Kythera Labs selected Delta Sharing to beat important challenges in securely sharing healthcare information. With over 300 million affected person information spanning a decade of medical historical past, conventional strategies required creating and transferring a number of full copies of datasets, driving storage prices into the tons of of hundreds of {dollars} and slowing supply.
Delta Sharing adjustments that by enabling safe, actual‑time entry to dwell information with out creating duplicate copies. As a substitute of storing and sustaining separate datasets for every accomplice or atmosphere, we are able to share a single, ruled supply of fact straight. This strategy has allowed us to energy inside groups and exterior collaborations with simply 3.5 PB of storage, somewhat than the 20‑plus PB in any other case required.
One other complexity is assembly our prospects the place they’re on the cloud. Healthcare suppliers usually function in Azure, whereas many pharmaceutical firms run on AWS or GCP. With out a know-how like Delta Sharing, delivering giant datasets throughout clouds would imply pricey transfers, complicated ETL work, and a number of stale copies scattered throughout clouds. With Delta Sharing, we are able to immediately present safe entry to the identical dwell dataset — regardless of the cloud — whereas sustaining compliance and eliminating pointless copies.
This not solely streamlines our inside workflows (transferring from growth to testing to manufacturing with out re‑copying information) but additionally makes it straightforward for patrons to behave sooner, like immediately updating a most cancers remedy mannequin with the most recent information.
Changing Legacy Approaches
Given the exponential development in information quantity and complexity, conventional information sharing strategies like SFTP servers are not viable for contemporary wants. Transferring giant recordsdata forwards and backwards introduces delays, provides safety dangers, and requires storage of a number of redundant datasets.

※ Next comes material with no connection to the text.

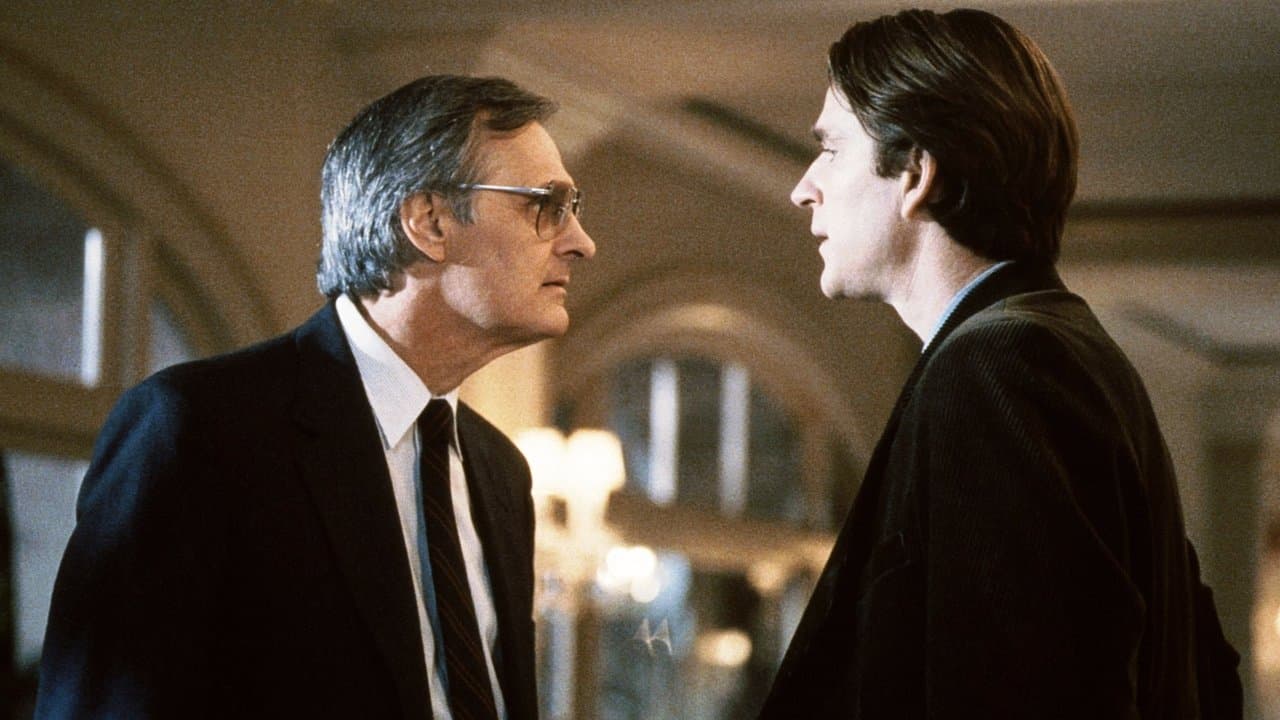 Backdrop – ...und das Leben geht weiter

Whereas APIs could possibly be a useful resource, they’re inadequate for sharing the huge oceans of information that organizations like Kythera handle. Counting on APIs to share the immense volumes of information we handle can be like attempting to fill a swimming pool with a backyard hose—it’s technically potential, however too sluggish and inefficient for our wants.

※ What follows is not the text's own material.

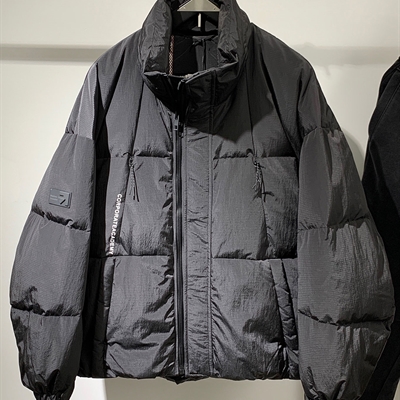 市场上装-棉衣/羽绒服-休闲棉服
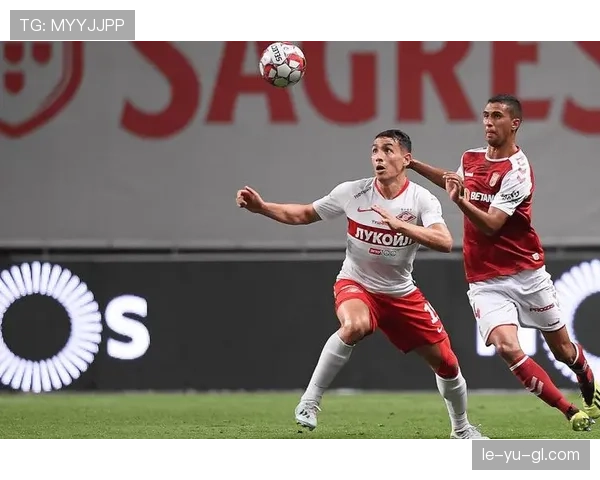 布拉加展现强大控球优势 成为比赛关键因素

Operationally, we deal with 7–10 million transactions day by day whereas guaranteeing compliance by way of our customized “Vault Structure” constructed on Delta Sharing. Clients profit from real-time updates through view sharing with out guide intervention.
By adopting Delta Sharing, we’ve fully moved away from these legacy strategies and gained operational effectivity whereas enabling seamless collaboration throughout clouds and organizations.
Delta Sharing ROI
Delta Sharing has allowed us to remove legacy data-sharing strategies, lower storage wants by over 80%, and save greater than $2 million within the final 2 years. — Jeff McDonald, CEO, Kythera Labs
Delta Sharing helped Kythera lower storage wants from a projected 24 PB to only 3.5 PB. Over three years, storage demand dropped from 17 PB/month in 2024 to 12 PB/month in 2023 and 6 PB/month in 2022. These reductions add as much as tens of millions in financial savings. For context, giant pharmaceutical firms can spend as a lot as $14 million every month simply on storage.

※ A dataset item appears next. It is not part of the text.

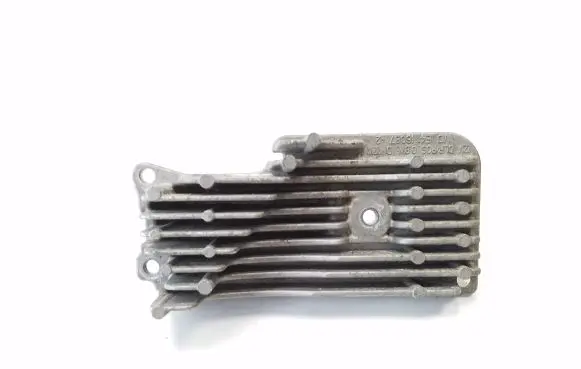 BMW 7 F01 F02 F03 F04 Headlight ballast module Xenon 7339056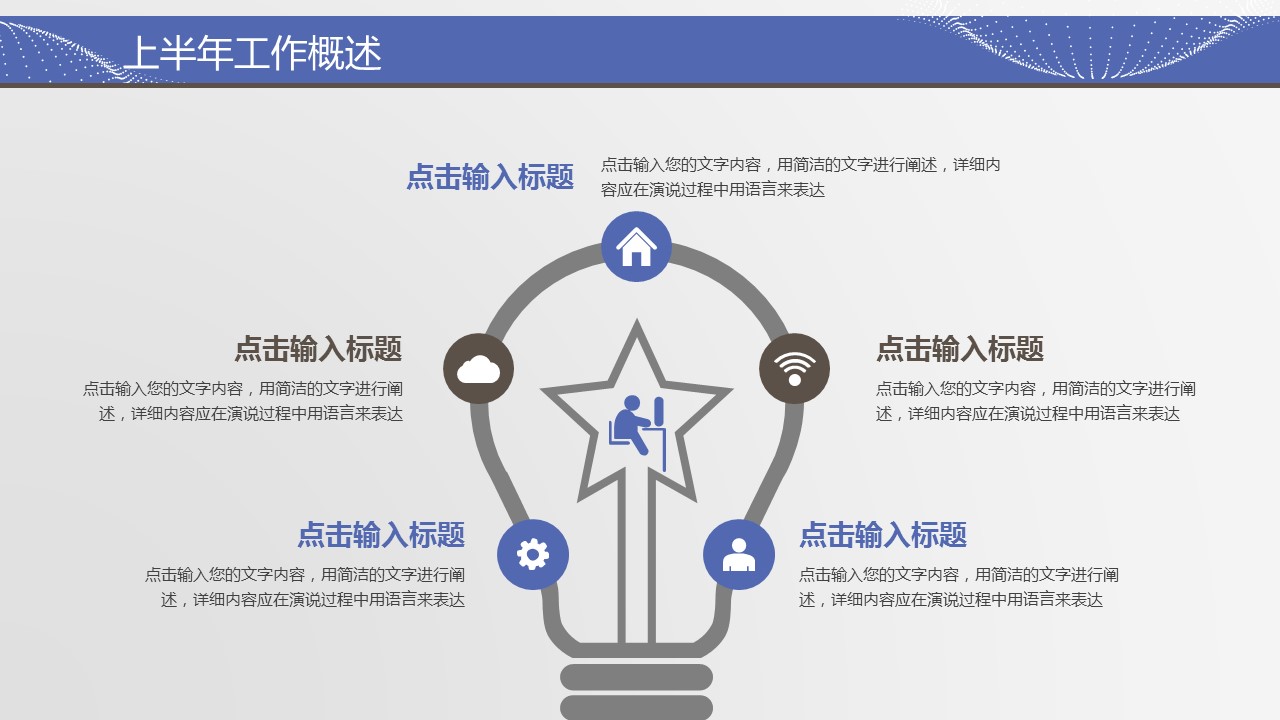 商务.总结PPT模板-图文16更新）工作总结-图文5的PPT模板-6/40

Storage is simply a part of the story. The compute prices for performing the ETL copies could possibly be much more important, starting from equal to the storage financial savings to doubtlessly many instances better, relying on the use instances.
| 12 months | Discount in storage wants | AWS S3 Customary Value ( PB/month) | Yearly Financial savings (50% storage low cost) |
|---|---|---|---|
| 2024 | 17 PB/month | $21K | $2.1M |
| 2023 | 12 PB/month | $21K | $1.5M |
| 2022 | 6 PB/month | $21K | $0.75M |
| TOTAL | $4.375M | ||
Key Takeaways
Delta Sharing has reworked our data-sharing capabilities by lowering prices, bettering effectivity, and enabling real-time collaboration throughout clouds and organizations. The mix of Delta Sharing, Unity Catalog, and liquid clustering ensures scalability whereas sustaining compliance with healthcare information requirements, exemplifying how open, fashionable information platforms can revolutionize healthcare analytics.